As for dinner... I'm usually too tired to cook myself something, so unless I have lunch meat to make a sandwich, I'll eat chips or pretzels for dinner. If those just aren't cutting it, I'll order a pizza. Obviously, this isn't exactly the healthiest diet.

Basically, I'm this big slob at home. I don't change the garbage bags in my trash cans until they're practically overflowing. I leave dishes in the sink for days at a time. I have a pile of Drug Topic magazines just sitting on my desk. I originally meant to read through them, but I just never got around to it, so now they just add to the clutter. Other than basketball, which I play once or twice a week, I haven't done any form of exercise in months. Because of this and my horrible diet, I've gained 11 pounds since October.

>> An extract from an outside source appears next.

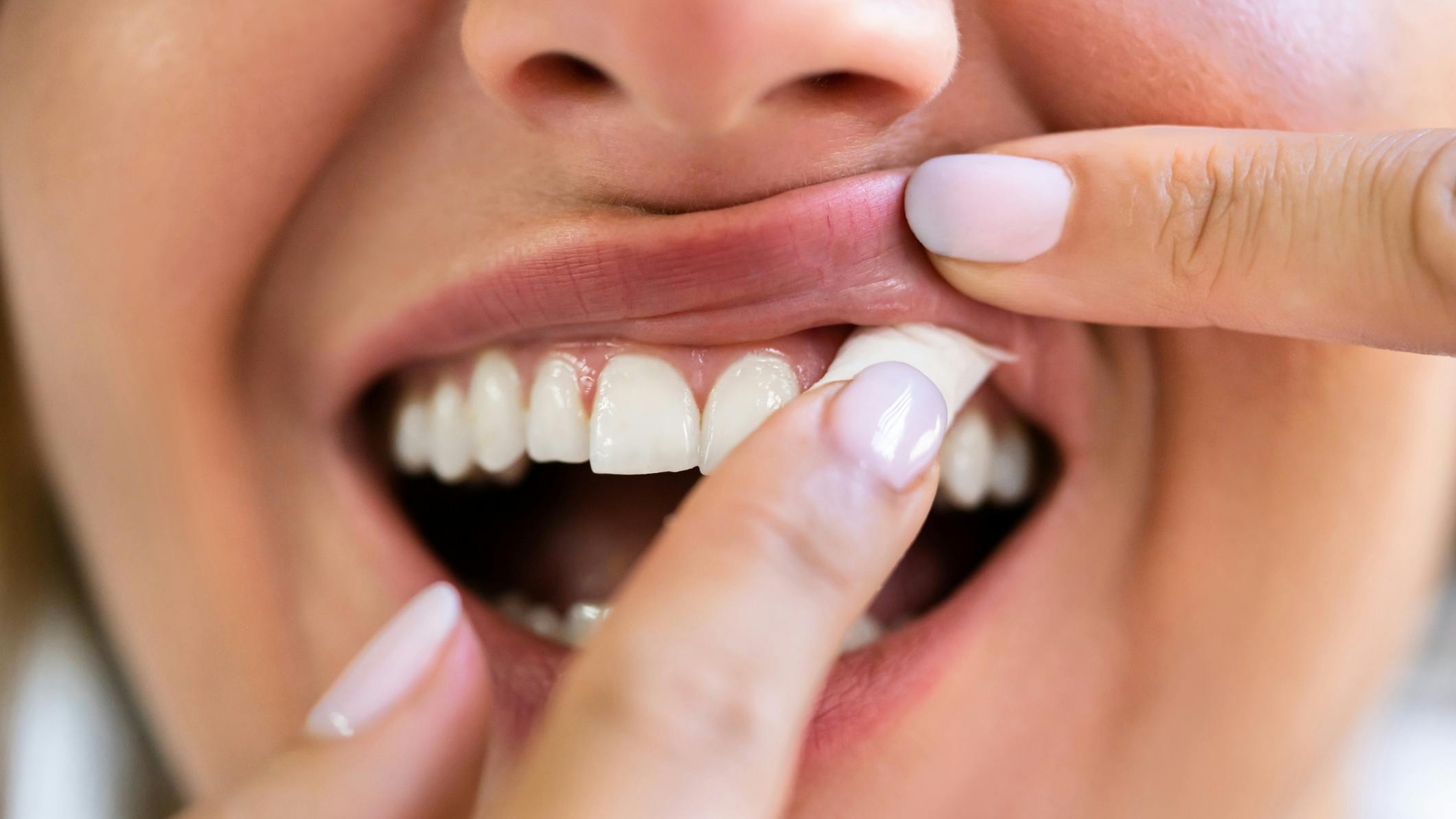 woman-placing-nicotine-pouch-between-gums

I was never ever like this before. When I was growing up and even when I was in college, I always liked things to be neat. I made my bed every single day. I always hung up my clothes. I never left papers or books just lying around. I used to exercise (push-ups, crunches, and other stuff like that) daily. However, ever since becoming a pharmacist, I just don't have the energy for it. I've tried to get back to my old habits. I'm usually good for a week or two before I go right back to being lazy again.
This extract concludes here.